Die Kultur von Tiwanaku entwickelte sich im südöstlichen Becken des Titicacasees im heutigen Bolivien. Während des Mittleren Horizonts (ca. 500 - 1100 n. Chr.) breitete sich ihr Einfluss über die südlichen Zentralanden, das südliche Peru, das nördliche Chile und das nordwestliche Argentinien aus (Villanueva 2020). Die künstlerischen Ausdrucksformen dieser Kultur finden sich in Architektur, Metallurgie, Skulptur, Textilien und Keramik wieder (Korpisaari & Chacama 2015). Darunter fallen auch die Keros, hochwandige Gefäße, die fast immer hyperboloid und aus Holz, Ton und Metall gefertigt sind. Manchmal haben die Keros einen oder zwei Ringe in der Mitte des Körpers oder in der Nähe des Randes und des Bodens (Uribe 2004).
Die Oberfläche wurde in der Regel mit roten, orangefarbenen, schwarzen und weißen Engoben bemalt. In den andinen Kulturen haben die Farben Bedeutungen, die mit den landwirtschaftlichen Zyklen zusammenhängen: Grau steht für Regenwolken, Wasser und Hagel. Gelb steht für Sonnenlicht (Villanueva 2020). Die Farben geben der reichen Ikonographie der Tiwanaku eine symbolische Form. Die zoomorphen Figuren von Vögeln (gelb) und Pumas (grau) erscheinen zusammen, getrennt, nebeneinander oder gemischt, so dass Pumas mit Flügeln, Schwänzen oder Vogelköpfen zu sehen möglich sind.
Ist die Ikonographie der Keros anthropomorph, kann sie auch mit Abbildungen des Pumas und Kondors durchsetzt sein. Dabei stellen Köpfe Trophäen dar, die, in einer skelettartigen aber ästhetischen Form abgebildet, an Gürteln hängen.
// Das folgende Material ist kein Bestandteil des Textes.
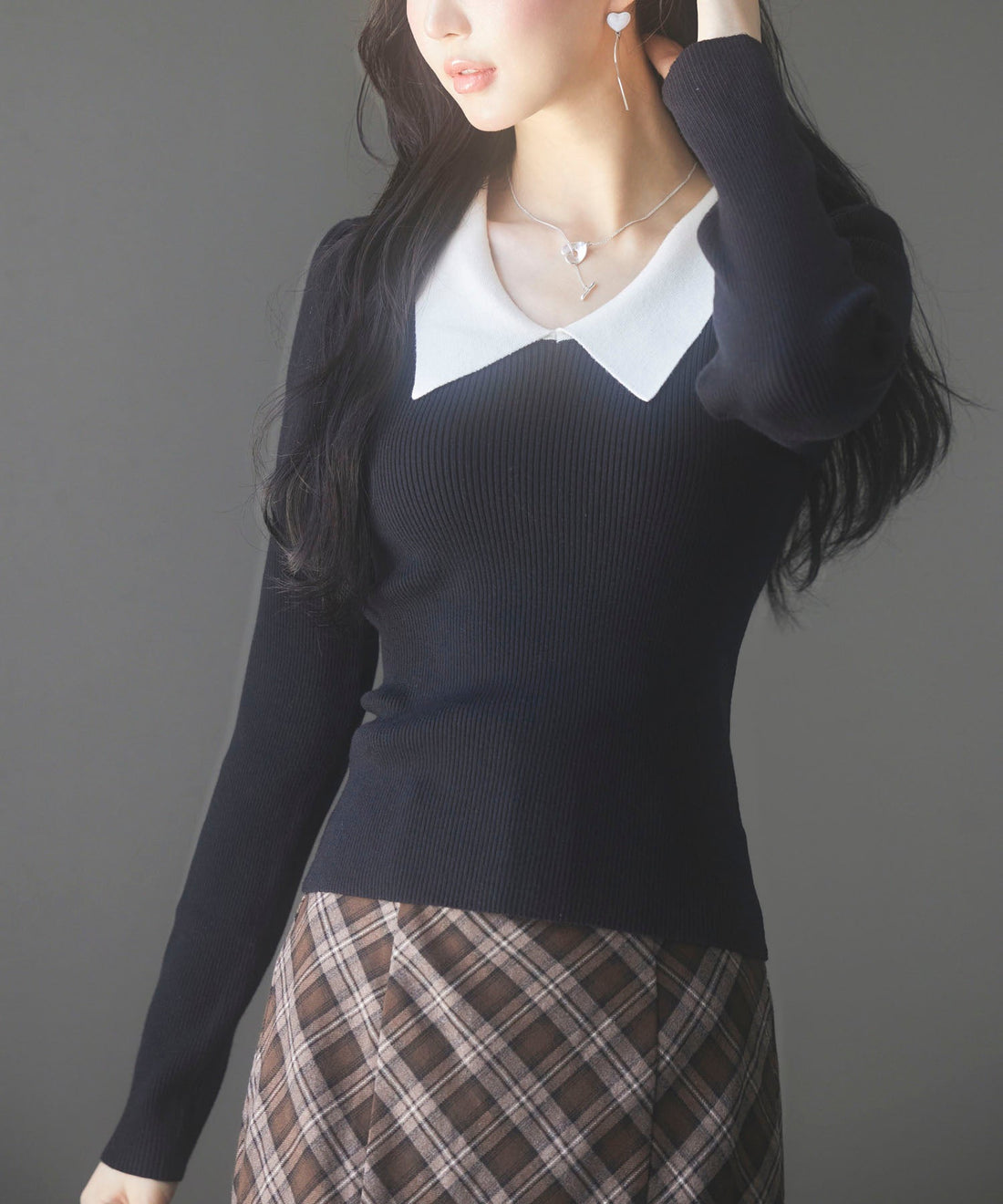 Collared Rib-Knit Top OEM ODM reference 12 - additional view 12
Manchmal zieren solche Trophäen auch die Spitzen von Stäben, die von tanzenden Pumas mit Kondor-Maske gehalten werden (Kolata 1993).
Der keramische Kero aus der Sammlung des BASA-Museums (Inv. Nr. 3259) hat einen rotbraunen Überzug und ist orange und dunkelbraun bemalt. Seine morphologischen und ikonografischen Merkmale lassen vermuten, dass dieses Gefäß in Cochabamba (Bolivien) hergestellt wurde. Zwei naturalistische sich gegenüberstehende Pumaköpfe im Profil werden durch ein geometrisches Muster in gestaffelter oder gezackter Form miteinander verbunden (Uribe & Agüero 2001).

Foto: Bruna Pellegrini

Text: Jesús Alfredo Euan Xool / Carla Jaimes Betancourt

 


Literatur

  • Kolata, Alan (1993): The Tiwanaku. Portrait of an Andean Civilization. Cambridge: Blackwell.
  • Korpisaari, Antti & Juan Chacama (2015): El Horizonte Medio: Nuevos aportes para el sur de Perú, norte de Chile y Bolivia. Travaux de l'Institut Français d'Études Andines; Vol. 330. Instituto Francés de Estudios Andinos & Universidad de Tarapacá.
  • Uribe, Mauricio & Carolina Agüero (2001): ”Alfarería, textiles y la integración del Norte Grande de Chile a Tiwanaku, in: Boletín de Arqueología PUCP 5, 397-426.
  • Uribe, Mauricio (2004): ”Acerca de la cerámica Tiwanaku y una vasija del valle de Azapa (Arica, Norte Grande de Chile)”, in: Estudios Atacameños, P. (27), 77-101.
  • Villanueva Criales, Juan (2020): “Imágenes, Tiempo y Color. La Cerámica Tiwanaku de la isla de Pariti (Lago Titicaca Bolivia). Más allá de las representaciones”, in: Ana Cielo Quiñones Aguilar (Ed.): Mundos de creación de los pueblos indígenas de América Latina 10, 27-54.